# Schwinn Whizzer for Sell. Not mine



## Superman1984 (Nov 27, 2020)

Seen this today in Taylorsville, NC at an antique shop


----------



## 49autocycledeluxe (Nov 27, 2020)

for sell?


----------



## Superman1984 (Nov 27, 2020)

49autocycledeluxe said:


> for sell?



Yep $4,000. Guy said it belonged to a friend who had 3-5 others. I have no contact info for the store but I am sure an antique search for google & that location could net the info. I would have got more info for you all but I was coming back from TN with my dad


----------



## bobcycles (Nov 29, 2020)

yikes....that ones a shiny cobbled mess at over twice what it should be selling for...
RLH


----------



## Superman1984 (Nov 29, 2020)

bobcycles said:


> yikes....that ones a shiny cobbled mess at over twice what it should be selling for...
> RLH



Tell me everything. I can't afford it but I figured it had been "restored" kinda poorly


----------



## Freqman1 (Nov 29, 2020)

Pretty sad indeed...


----------



## wes holliday (Dec 5, 2020)

Why not tell us what is wrong with the Whizzer ?


----------



## Superman1984 (Dec 5, 2020)

wes holliday said:


> Why not tell us what is wrong with the Whizzer ?

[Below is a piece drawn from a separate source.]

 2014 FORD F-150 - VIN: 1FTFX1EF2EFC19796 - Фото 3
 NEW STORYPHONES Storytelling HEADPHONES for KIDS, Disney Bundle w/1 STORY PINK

It's not mine. Just seen it passing through Taylorsville, NC from TN back to SC


----------



## mickeyc (Dec 7, 2020)

Come on Bob and Shawn, tell us uninitiated dopes what's wrong with it.


----------



## mrg (Dec 9, 2020)

First thing straight bar always a bad choice for a whizzer kit, just not enough room and something always rubs, that's why Schwinn only made the WZ frames in DX & cantilever. As for the price, It would be a bit high even for a more og bike.


----------